1948 Jewish terror attack in Jerusalem

An attack was carried out by the Jewish paramilitary group Haganah on the Christian-owned Semiramis Hotel in the Katamon neighborhood of Jerusalem during the 1947–1948 Civil War in Mandatory Palestine.

After suspecting that the Semiramis hotel was one of two Arab headquarters in Katamon, the Haganah planted a bomb there on the night of 5–6 January 1948. The mission was carried out by a team consisting of four men supported by ten riflemen. The explosion killed 24 or 26 civilians including at least one child. Among the dead were seven members of the Aboussouan family and Hubert Lorenzo, the 23-year-old son of the proprietor. The Spanish vice-consul, Manuel Allende Salazar, was also killed in the attack.

According to Associated Press reported at the time that a Haganah spokesman said the Jerusalem hotel was attacked because "the building was an important meeting place of Arab gangs, where arms were distributed to villages in the Jerusalem area." He continued, "Unfortunately, we cannot hit at the Arab band's (main) headquarters as it is secreted in a mosque."

The attack was harshly condemned by the British authorities, and David Ben-Gurion sacked Mishael Shaham, the Haganah officer responsible for the Jerusalem sector, replacing him with David Shaltiel. The British authorities denounced the attack as the "wholesale murder of innocent people." According to John B. Quigley, the Jewish Agency complained that the British government had not criticized deadly attacks by Arabs. British government officials responded by stating that Arabs had not carried out organized attacks on buildings containing women and children. Haganah said that they had inaccurate information that the hotel was being used by Arab irregulars.
Prior to the bombing, the distinctive white jeep of Abd al-Qadir al-Husayni, commander of Jerusalem's Arab forces, had been seen in the hotel driveway.

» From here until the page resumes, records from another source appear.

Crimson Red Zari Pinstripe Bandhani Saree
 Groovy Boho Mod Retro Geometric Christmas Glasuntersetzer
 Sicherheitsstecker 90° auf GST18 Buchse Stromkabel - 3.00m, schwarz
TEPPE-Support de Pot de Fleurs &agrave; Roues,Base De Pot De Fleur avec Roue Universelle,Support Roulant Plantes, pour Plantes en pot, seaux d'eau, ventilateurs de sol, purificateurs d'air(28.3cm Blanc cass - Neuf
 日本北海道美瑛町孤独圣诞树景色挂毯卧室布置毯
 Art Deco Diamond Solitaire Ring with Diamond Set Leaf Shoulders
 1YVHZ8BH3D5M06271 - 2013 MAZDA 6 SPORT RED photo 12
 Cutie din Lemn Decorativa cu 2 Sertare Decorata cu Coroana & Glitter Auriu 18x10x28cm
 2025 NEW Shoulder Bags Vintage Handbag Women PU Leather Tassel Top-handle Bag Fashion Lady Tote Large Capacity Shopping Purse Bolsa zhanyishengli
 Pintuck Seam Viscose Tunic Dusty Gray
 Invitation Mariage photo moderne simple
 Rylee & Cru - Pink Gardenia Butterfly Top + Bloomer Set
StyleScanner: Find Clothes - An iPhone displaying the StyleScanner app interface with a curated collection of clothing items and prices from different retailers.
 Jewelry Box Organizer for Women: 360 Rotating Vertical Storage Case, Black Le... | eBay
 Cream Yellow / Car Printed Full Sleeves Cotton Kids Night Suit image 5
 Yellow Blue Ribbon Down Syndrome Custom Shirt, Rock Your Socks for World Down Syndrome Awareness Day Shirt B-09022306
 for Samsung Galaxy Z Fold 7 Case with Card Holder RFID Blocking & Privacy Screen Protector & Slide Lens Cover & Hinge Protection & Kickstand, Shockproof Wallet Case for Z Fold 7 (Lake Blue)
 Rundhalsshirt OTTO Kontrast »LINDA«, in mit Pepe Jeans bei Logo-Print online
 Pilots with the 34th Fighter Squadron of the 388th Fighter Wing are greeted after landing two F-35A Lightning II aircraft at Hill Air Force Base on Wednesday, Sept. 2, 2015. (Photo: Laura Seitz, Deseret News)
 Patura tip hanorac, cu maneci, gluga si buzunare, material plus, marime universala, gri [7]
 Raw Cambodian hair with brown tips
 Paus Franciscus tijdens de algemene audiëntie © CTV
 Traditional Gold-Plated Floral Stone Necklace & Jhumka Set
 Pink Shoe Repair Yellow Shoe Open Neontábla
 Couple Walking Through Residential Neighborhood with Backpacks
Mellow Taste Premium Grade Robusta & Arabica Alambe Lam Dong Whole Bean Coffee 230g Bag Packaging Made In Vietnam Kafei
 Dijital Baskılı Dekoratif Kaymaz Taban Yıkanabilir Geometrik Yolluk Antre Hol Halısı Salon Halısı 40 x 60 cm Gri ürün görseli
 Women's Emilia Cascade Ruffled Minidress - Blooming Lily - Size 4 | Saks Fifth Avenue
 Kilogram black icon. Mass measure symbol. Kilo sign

In O Jerusalem!, Dominique Lapierre and Larry Collins write that Mishael Shaham, the Haganah leader who organised the bombing, had been sent to Jerusalem to stop the flow of beleaguered Jews retreating from mixed areas of Jerusalem to the Jewish areas. It was thought that 'a major blow in Arab Katamon ... might force the Arabs out of the quarter and change the psychological climate in the city'. Shaham asked "Where is the main Arab headquarters?"